He is a giant from Gdańsk living out a Super League dream, and one day wants to dominate the NRL.
Mikołaj Olędzki has become one of the most feared front-row forwards in the British game, and after capping an impressive season with a first ever inclusion in the Betfred Super League Dream Team, the 24-year old hopes to end it with glory for Leeds Rhinos and England.
“I’m at a point in my career now where I’m really hungry for some silverware and I want it to be with Leeds who are building a really great team,” the prop tells The Sportsman, in his unique Polish-Yorkshire twang as the Rhinos prepare for their playoff eliminator at Catalans Dragons.
“The talent, enthusiasm and determination to win trophies is all here at Leeds right now. There is something special building.”
Olędzki knows what it takes to build something special.
He arrived in the UK from Poland’s sixth biggest city with his family at the age of nine, settling in Corby where his dad had landed a job. A promising diver as a child in Warsaw, the youngster learned about work ethic from an early age.
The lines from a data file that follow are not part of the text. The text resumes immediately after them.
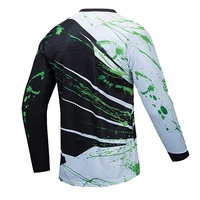Combinaison de descente par sublimation OEM pour hommes, vêtements de descente tout-terrain à manches longues, teinture étourdissante, vêtements de moto à séchage rapide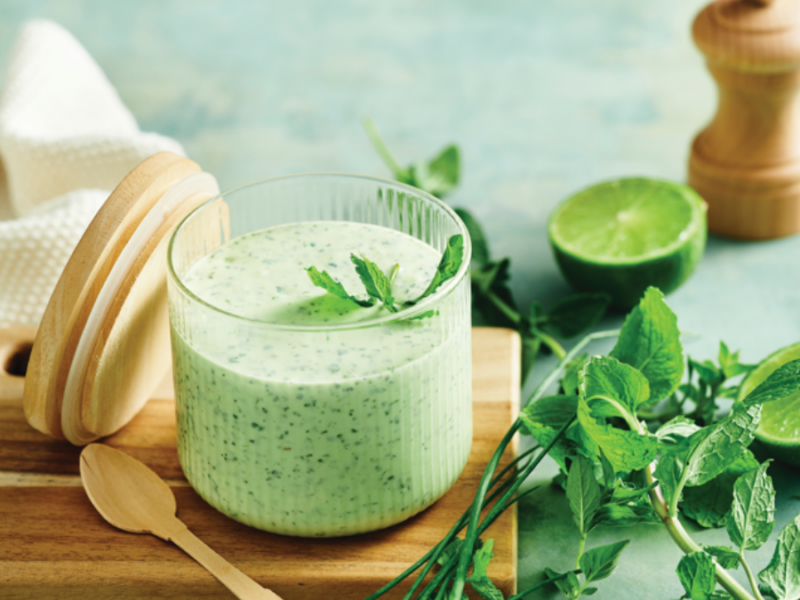 Green goodness buttermilk dressing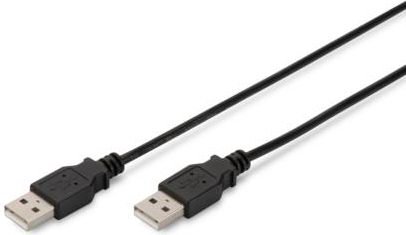 USB cable Digitus USB-A - 1 m Black (AK-300101-010-S)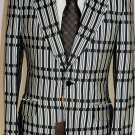 GUCCI JACKET $3895 BLACK/WHITE RAZOR 1-BTN RUNWAY DINNER JACKET 38R 48e NEW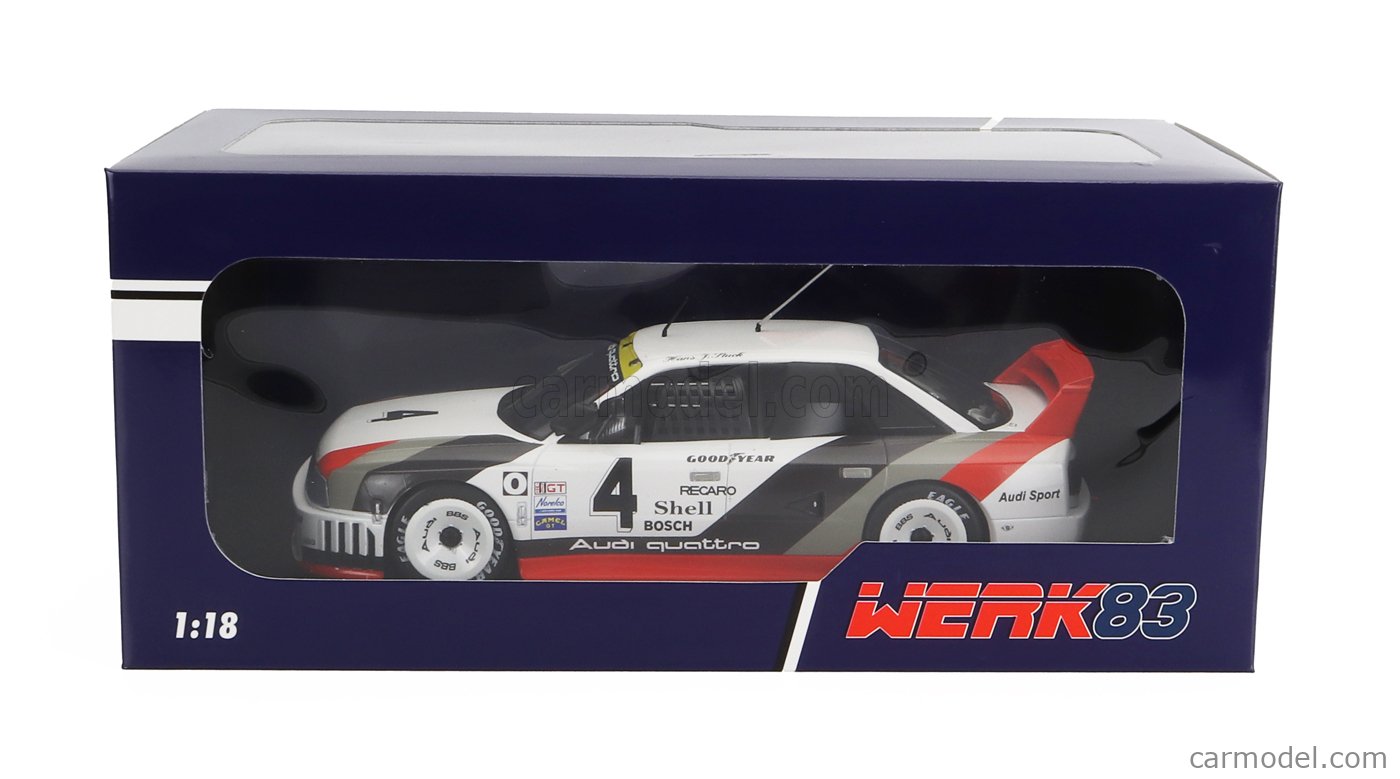 WERK83 W1806003 Scale 1/18 | AUDI 90 QUATTRO TEAM AUDI SPORT N 4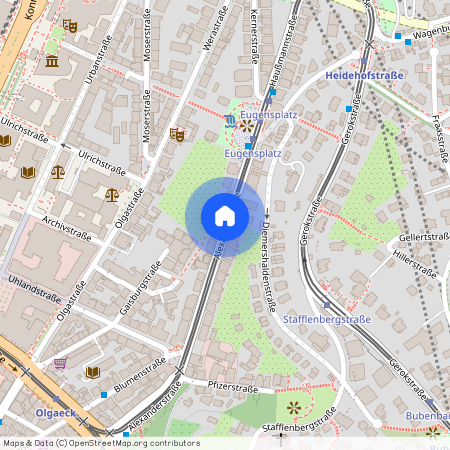 Diemershalde 36, 70182 Stuttgart - Stuttgart-Mitte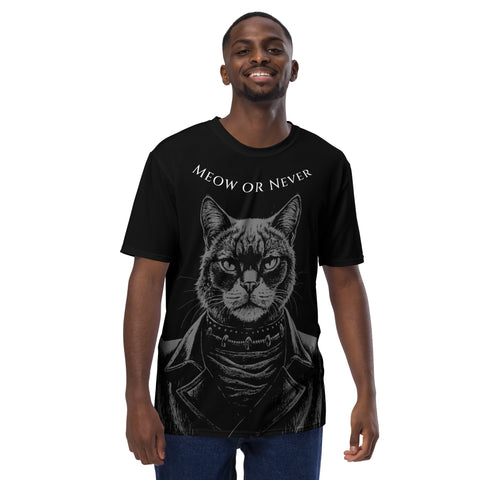 Men's t-shirt - Meow or Never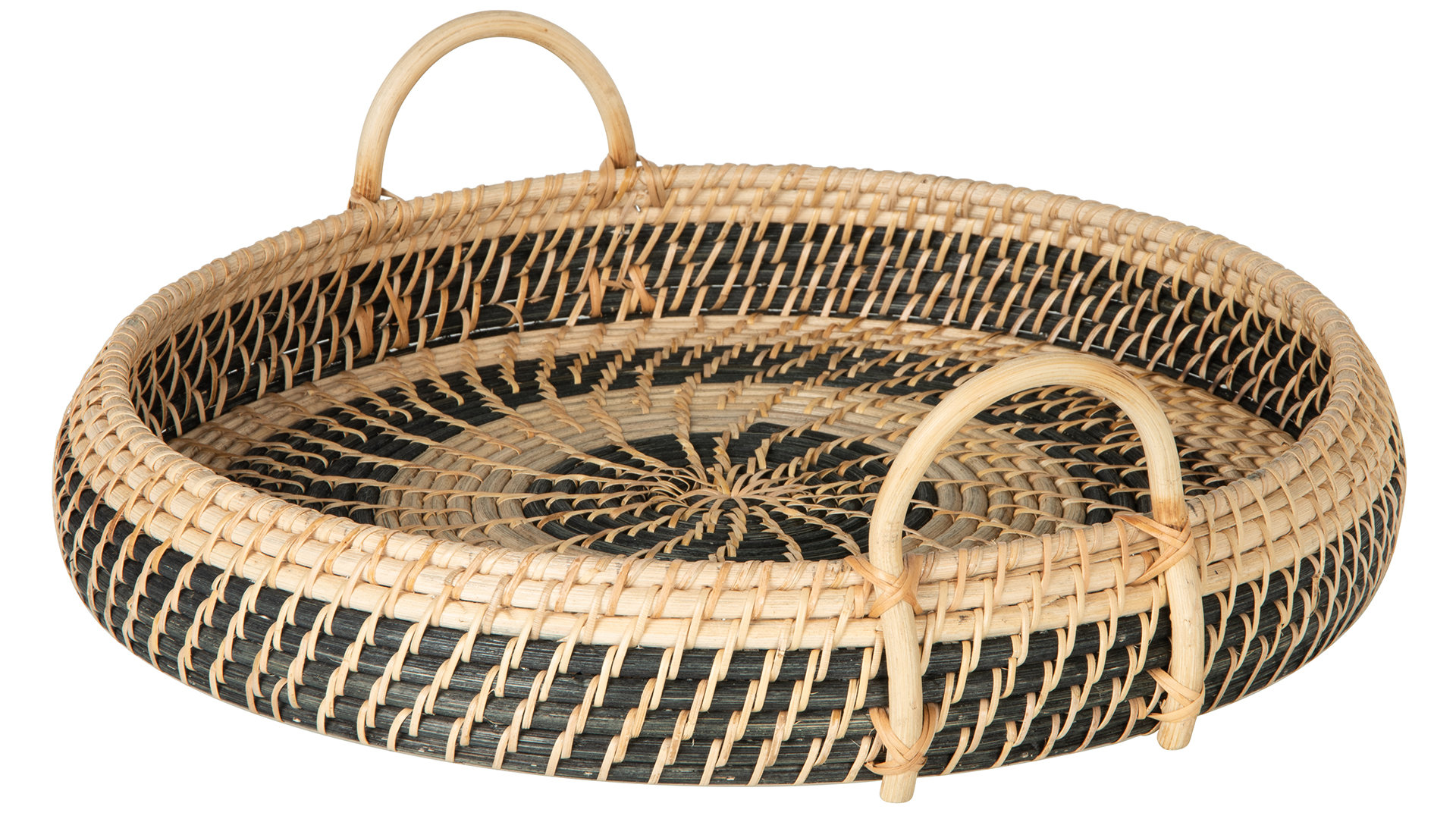 Bay Isle Home™ Round Rattan Breakfast Serving Tray & Reviews | Wayfair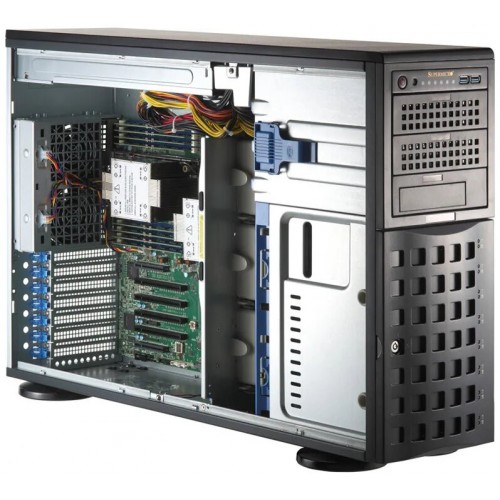 Платформа Tower Supermicro SYS-741P-TRT noCPU(2)4rdGenScalabl/TDP300W/noDIMM(16)/noHDD(8)LFF/2x1.2KW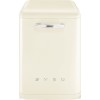 Mașina de spălat vase SMEG 50's Style, crem, 13 seturi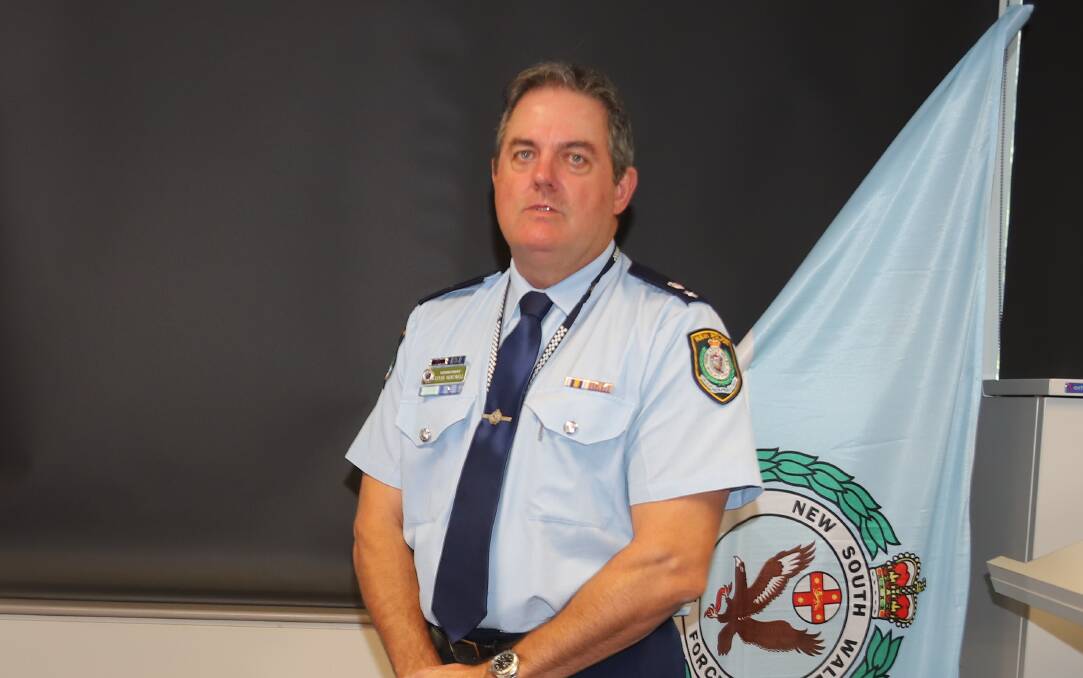 STAY PUT: Central West Police District superintendent Steve Tuckwell is urging holiday makers to cancel their plans. Photo: CARLA FREEDMAN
His head was always upside down on the gymnastics mat, in school books, or in the water, to the extent that mother Izabela - a former international rower - recalls he didn’t have time for a childhood.
Olędzki excelled at county level in the UK too, swimming for Northamptonshire until the family moved to Leeds.
That was where the fast-growing teenage frame fell in love with competitive team sport, and rugby league in particular, picking up his first rugby ball aged 13 and signing for the Rhinos’ academy just two years later.
Four years later he became the first athlete from Poland to play Super League rugby, marking it with a try on his debut. And despite his tough and unusual route into the game, Olędzki has not looked back.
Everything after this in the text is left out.